The technology sector in particular appears to disdain the past, looking insistently to the future as though any attempt to celebrate the company’s heritage might somehow undermine its ability to innovate and evolve.
But a company’s history and traditions, its legacy all mean something—if they are understood, celebrated, and leveraged in the right way.
Al Maag, vice president and chief communications officer at Avnet, one of the world’s largest distributors of electronic products, appreciates history. But he also understands that not everyone shares his passion, so he was not particularly surprised when his suggestion that Avnet undertake a major initiative to celebrate its 50th anniversary, some members of the company’s management team were skeptical.
“When I first brought it up at a meeting of our brand council, one of the people there—usually my biggest supporter—thought I had lost my mind,” Maag says.
To be fair, there was some logic behind the skepticism, particularly the slightly inconvenient fact that Avent was started in 1921—84 years ago. But it was incorporated in 1955, and that seemed like enough of a hook for Maag to hang a celebration on.
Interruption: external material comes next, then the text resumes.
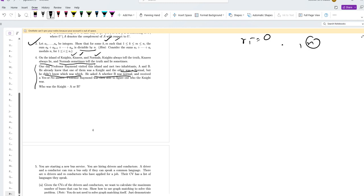So he asked A, 'Is B a Norman?' He received a yes or no answer. The professor was then able to figure out who was A and B. So you also have to do this. Suppose that the answer received was yes.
His enthusiasm carried the day, and the anniversary PR program was allowed to proceed.
It would end up bringing the company’s employees closer together, strengthening relationships with the key suppliers on whom it relies, sending a message of reliability and stability to shareholders, and generating a record amount of corporate coverage in the media. Almost as impressive, it would also end up covering the majority of its own six-figure costs.
“It turned out better than I had ever imagined,” says Maag, “and it was one of the most fun PR things I ever did.”
Al Maag joined Avnet in 1998, after running his own marketing communications and consulting firm in Chicago and earlier serving as director of advertising and communications for Molex, which manufactures electronic, electrical and fiber optic cable; switches; and other industrial products. In his seven years with the company, during which he has been responsible for global public relations, investor relations, community relations and employee communications, he has succeeded in turning PR into a source of significant competitive advantage.
A team of about 50 marketing communications professionals around the world, supplemented by agency executives from Brodeur Worldwide in the U.S., has been working to build the company’s brand, and to beat the company’s largest competitor—Arrow Electronics—on a variety of media metrics. PR has emerged as the company’s lead marketing discipline.
“The number one way people learn about us is word search,” says Maag. “PR is number two. The website is number three and advertising is number four. It all starts with our CEO, Roy Vallee. He is our biggest source of good public relations. He has his own brand. He really understands and supports what we are doing.”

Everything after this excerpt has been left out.